O KoBoToolbox é um software que possibilita a coleta de dados por meio de smartphone ou tablet e a tabulação automática em variados formatos. O TIMBY, por sua vez, é um conjunto de ferramentas digitais criado por um coletivo de cineastas, desenvolvedores, engenheiros e designers para ajudar jornalistas e ativistas a documentar problemas em suas comunidades.
Para que não houvesse barreiras linguísticas e problemas de interpretação antes das conversas, era acordado com as comunidades como seria feita a tradução. Basicamente, a reunião começava com o Coordenador Domingos falando em português e posteriormente, era feita a tradução para as outras línguas. O grupo entrevistou Agentes Indígenas de Saúde (AIS), conselheiros de saúde, líderes comunitários, professores e Agentes Indígenas de Manejo Ambiental (AIMAs).
No rio Tiquié, os pesquisadores realizaram entrevistas nas comunidades de Serra do Mucura, Pirarara Poço, Acará Poço, Maracajá, Taracuá Igarapé, São João Batista, São Lourenço, Cucura São João, Cunuri, Boca da Estrada e Santa Rosa do Samaúma. No rio Castanho, as entrevistas foram com as comunidades de Santa Rosa, São Joaquim, São Felipe e Trovão.
Para realizar uma avaliação coletiva da qualidade do atendimento e dos serviços prestados, foi feito uso da ferramenta ‘Cartão de Pontuação Comunitária’ (CPC) - Community Scorecard. Este mecanismo permitiu mapear os aspectos onde as comunidades perceberam uma melhora na qualidade da atenção mediante a pandemia, e onde consideraram que a qualidade do serviço havia permanecido o mesmo – ou piorado - em comparação com o período pré-pandemia.

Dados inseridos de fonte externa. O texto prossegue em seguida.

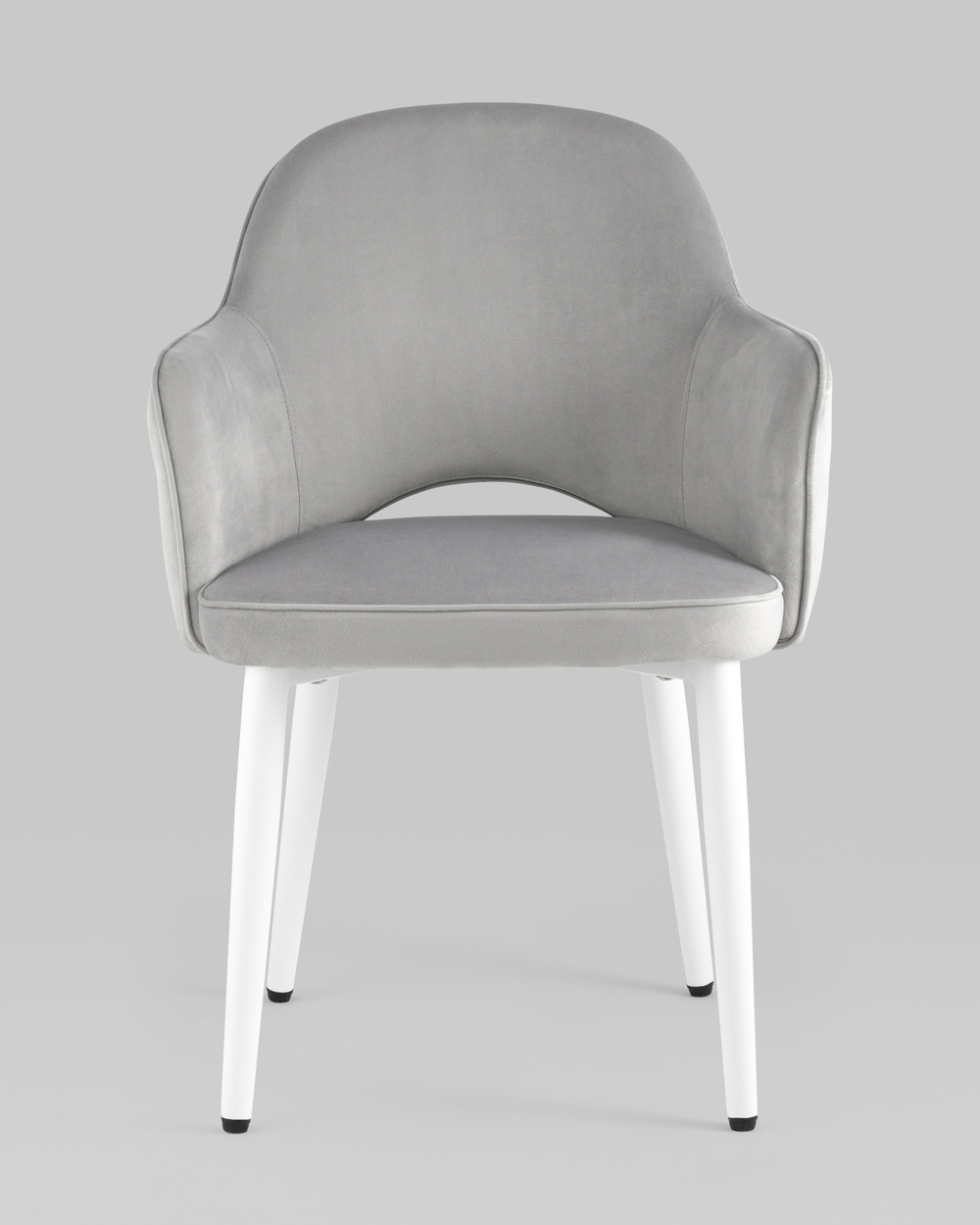 Стул Венера велюр серый ножки белые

Também permitiu analisar quais resultados eram similares entre as comunidades da região e quais apresentavam importantes diferenças no que se refere ao serviço recebido. Através do Cartão de Pontuação, havia a atribuição de notas de 1 a 6 pontos, onde 1 equivale a “péssimo” e 6 a “ótimo”, para os indicadores da qualidade da saúde diferentes.
Dados de uma pesquisa anterior, denominada Vozes Desiguais (2017/2018- SSL/FOIRN/IDS), na qual foi utilizado o mesmo sistema de “Cartão de Pontuação”, serviram como base para a análise comparativa dos dados da pesquisa mais recente.

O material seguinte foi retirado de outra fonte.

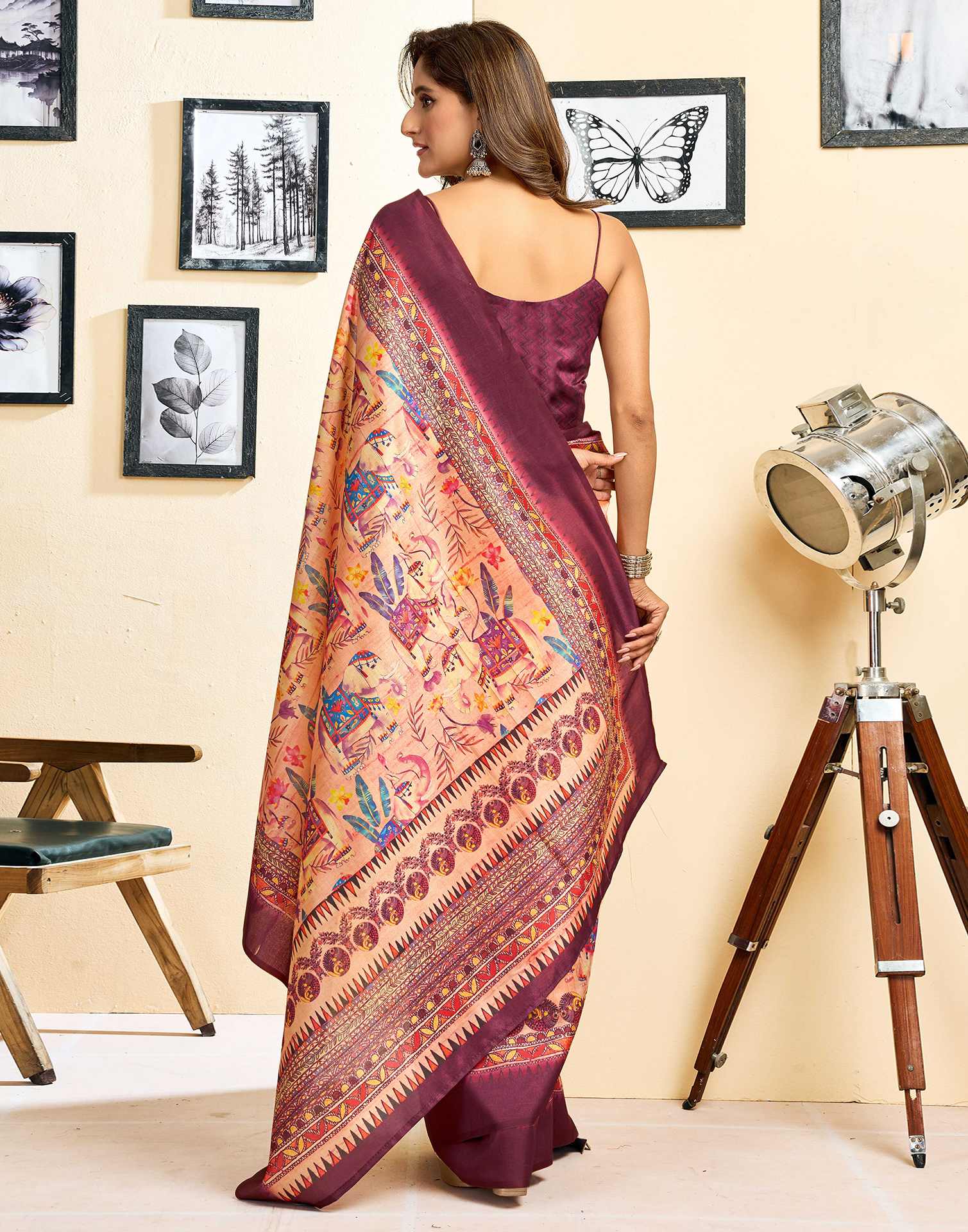 Ready To Wear Peach Silk Printed Saree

Para a presente pesquisa, foram utilizados sete indicadores prioritários, sendo eles:
1. Comunicação intercultural;
2. Vazio assistencial/ cobertura das equipes;
3. Interculturalidade na saúde indígena (medicinas tradicionais e biomedicina);
4. Apoio ao AIS;
5. Integração com a média e alta complexidade (resgate, CASAI, hospital);
6. Apoio aos conselheiros de saúde;
7. Saúde da mulher.
O resultado e as conclusões da pesquisa resultaram na Plataforma de Monitoramento Comunitário da Qualidade da Saúde Indígena (PMCQSI), onde é possível encontrar os relatos das comunidades da região acompanhados dos Cartões de Pontuação Comunitários (CPC), fotos, mapas de geolocalização e áudios das entrevistas nas línguas Tukano e Português.
Dois textos analíticos compõem também o conjunto de materiais disponibilizados pela plataforma e apresentam os principais resultados do monitoramento comunitário, permitindo o entendimento da situação geral da área de abrangência do polo-base de São José II e da situação específica dos povos Hupd’äh e Yuhupdëh.
Através da plataforma, lideranças indígenas, gestores e profissionais de saúde serão capazes de identificar as áreas prioritárias para a promoção de melhorias, bem como áreas em que está havendo um bom desempenho das ações e estratégias das EMSI - Equipes Multidisciplinares de Saúde Indígena.